Y no sabía si tenía que esperar a mi conocido a la salida de algún sitio
llamado «CURRO», tal vez algún cine con ese nombre... Porque para mí era una
absoluta novedad esa palabra, igual que otras del lenguaje coloquial español:
«Flipar», por ejemplo... que era una palabra que sólo me conducía a la serie
televisiva estadounidense “Las aventuras de Flipper”...
Y entonces «flipar», tal vez, tendría que ser un término relacionado con los
delfines...
Y
tantas frases incomprensibles como, por ejemplo: «ser un cazurro», «eso me mola»,
«estar de coña», «comerse el marrón», «ser un quinqui o ser un friqui»...
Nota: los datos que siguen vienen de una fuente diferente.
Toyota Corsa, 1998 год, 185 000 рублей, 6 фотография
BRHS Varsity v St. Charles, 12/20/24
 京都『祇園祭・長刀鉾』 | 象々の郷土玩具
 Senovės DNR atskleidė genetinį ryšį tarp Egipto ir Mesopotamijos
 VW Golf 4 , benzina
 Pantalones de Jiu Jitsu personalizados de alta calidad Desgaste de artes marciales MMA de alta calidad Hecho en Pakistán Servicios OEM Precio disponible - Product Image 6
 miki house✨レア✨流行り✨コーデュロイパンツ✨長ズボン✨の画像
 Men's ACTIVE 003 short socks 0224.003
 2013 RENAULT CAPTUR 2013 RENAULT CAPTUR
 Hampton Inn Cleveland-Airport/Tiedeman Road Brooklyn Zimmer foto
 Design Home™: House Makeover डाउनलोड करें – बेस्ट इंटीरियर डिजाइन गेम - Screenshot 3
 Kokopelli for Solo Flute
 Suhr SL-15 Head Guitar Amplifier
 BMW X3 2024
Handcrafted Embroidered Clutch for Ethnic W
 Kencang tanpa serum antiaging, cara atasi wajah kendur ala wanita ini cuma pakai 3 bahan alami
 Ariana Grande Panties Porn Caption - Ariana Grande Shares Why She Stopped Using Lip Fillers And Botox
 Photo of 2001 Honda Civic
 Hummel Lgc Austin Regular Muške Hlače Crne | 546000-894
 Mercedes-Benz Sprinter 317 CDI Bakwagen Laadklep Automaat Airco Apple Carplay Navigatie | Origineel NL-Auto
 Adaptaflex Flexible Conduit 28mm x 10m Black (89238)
Palabras y frases que a diario descubro, palabras y frases que los oriundos de
esta tierra usan y que en un primer momento tiendo a adivinar o, más
sabiamente, a preguntar qué significan.
Sin
embargo, a veces ha sucedido lo contrario. Recuerdo que, en cierta ocasión, fui
a la peluquería y le pedí a la peluquera que «me pelara». Entonces, sin el
menor escrúpulo, ella se mofó de «mi mal uso de la lengua» y hasta quizás me
tildara de ignorante:
─Aquí
pelamos a los animales. A las personas les cortamos el pelo ─me respondió la
docta peluquera, sintiéndose en aquel instante segura de estar en total poseso
de las palabras.
Y me
pregunto ¿por qué no abrirnos al uso de la propia lengua para aprender algo más
cuando las palabras nos resultan extrañas? ¿Por qué no intercambiar las
palabras llevándolas a un uso común, en vez de quedarnos en un trono ocasional
construido para dar lecciones de cómo hay que hablar «en casa»? ¿Hay reglas acaso para un Español que hoy por
hoy aspira a ser Panhispánico? ¿No sería mucho mejor preguntar y ampliar el
léxico?
Cierto
es que «al País que fueres haz lo que vieres». Pero aceptar y aprender el uso
de la lengua más allá de las propias fronteras nos permite ser cada vez más
libres e integrados. Pero, por supuesto, en semejante empresa, el extranjero no
es el único que debería «currarse el aprendizaje» en tierra extraña; no al
menos para convivir en un planeta llamado TIERRA y en una familia llamada HUMANIDAD.